Na terça-feira, o grupo de trabalho da Câmara dos Deputados que analisa o pacote anticrime apresentado pelo ministro da Justiça, Sergio Moro, retirou do projeto o trecho que transformaria em lei as prisões em segunda instância. Esse movimento tira o foco da discussão do Congresso e empurra para o STF. O presidente do tribunal, Dias Toffoli, vinha evitando o assunto, mas o jogo virou. Na semana passada, declarou que os processos que tratam das prisões antecipadas não estão na pauta do plenário do segundo semestre, mas ainda podem ser incluídos. A tendência na Corte é dar aos condenados o direito de recorrer em liberdade por mais tempo, até que o Superior Tribunal de Justiça (STJ) confirme a punição. 

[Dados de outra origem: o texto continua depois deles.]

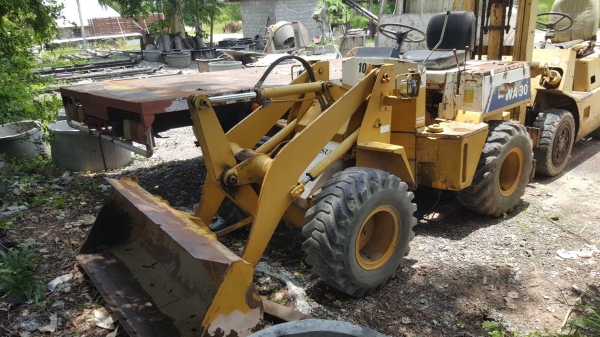 ขาย รถตัก KOMATSU WA30-2 รถใช้งานอยู่ ราคาคุยกันได้ครับ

O relator dos processos, ministro Marco Aurélio Mello, acha natural que o STF decida, e não o Congresso. Há meses ele pede para Toffoli incluir o julgamento no calendário. "O lastro da matéria é constitucional, e não legal. No segundo semestre enfrentaremos, tenho fé, essa controvérsia", disse Marco Aurélio à coluna. O senador Marcos Rogério (DEM-RO), ligado a Moro, resumiu bem o quadro atual: "Acho que nesse momento ninguém quer colocar a mão nessa cumbuca. O Supremo e o Congresso sabem qual é o sentimento da sociedade sobre a prisão em segunda instância e, em momento de maior tensão, a cautela é o melhor caminho".

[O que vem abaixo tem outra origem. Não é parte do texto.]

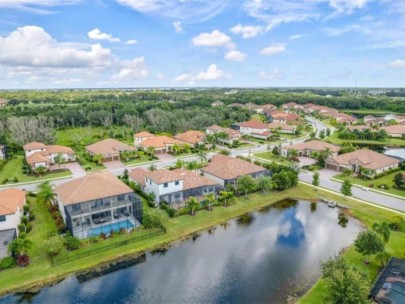 Bridgewater Homes in Lakewood Ranch, FL. - Lake Aerial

A decisão do grupo de trabalho da Câmara não foi surpresa. Moro já esperava que isso acontecesse, por causa do cenário político em torno da discussão. Ainda assim, a retirada de um dos principais pontos do pacote anticrime é contabilizada como uma derrota para o ministro da Justiça, que está sob os holofotes desde que o site The Intercept Brasil passou a divulgar supostos diálogos entre ele e o procurador da República Deltan Dallagnol.  As mensagens noticiadas revelam que os dois teriam combinado a condução do processo contra o ex-presidente Luiz Inácio Lula da Silva que resultou em condenação. Ironicamente, eventual mudança da regra da segunda instância beneficiaria Lula, que foi preso depois de ter a condenação confirmada pelo Tribunal Regional Federal da 4ª Região (TRF-4) . 

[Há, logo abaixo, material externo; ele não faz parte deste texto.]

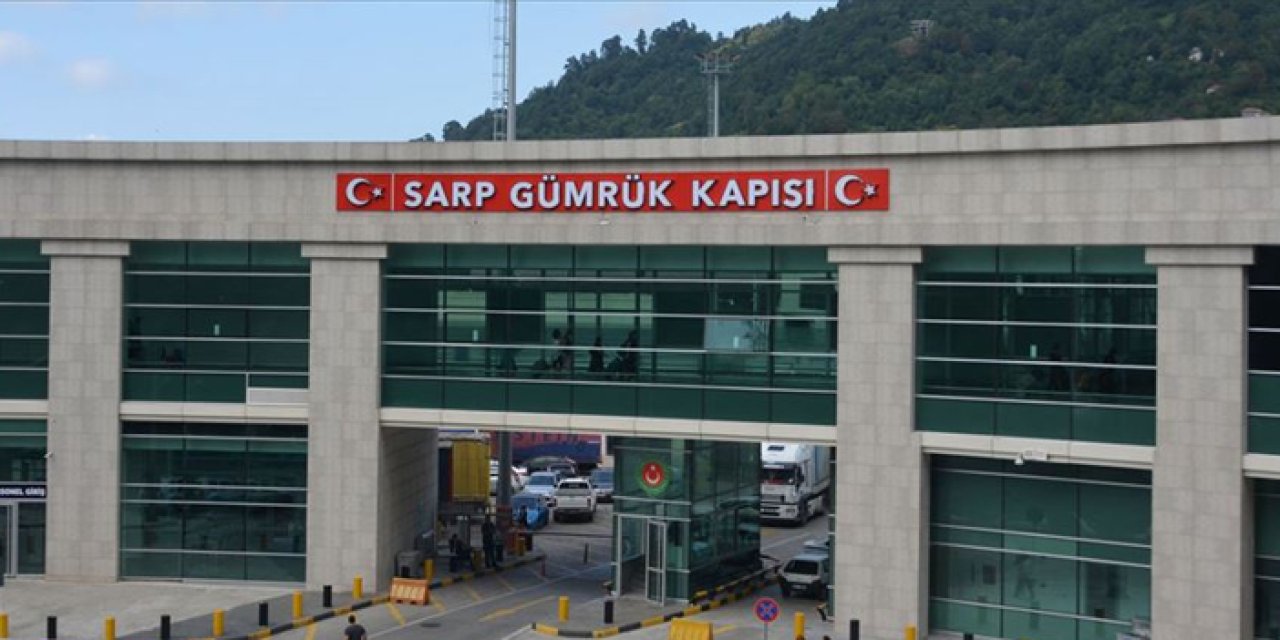 Sarp tır geçişinde rekora imza attı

Para retirar a segunda instância do pacote anticrime, o discurso dos parlamentares foi de que a proposta mudaria a Constituição Federal — portanto, deveria ser discutido em uma Proposta de Emenda Constitucional (PEC). Por trás do discurso, está a vontade de mudar a regra da segunda instância. Mas uma vontade ainda maior de empurrar para o Judiciário o desgaste que essa decisão acarretaria.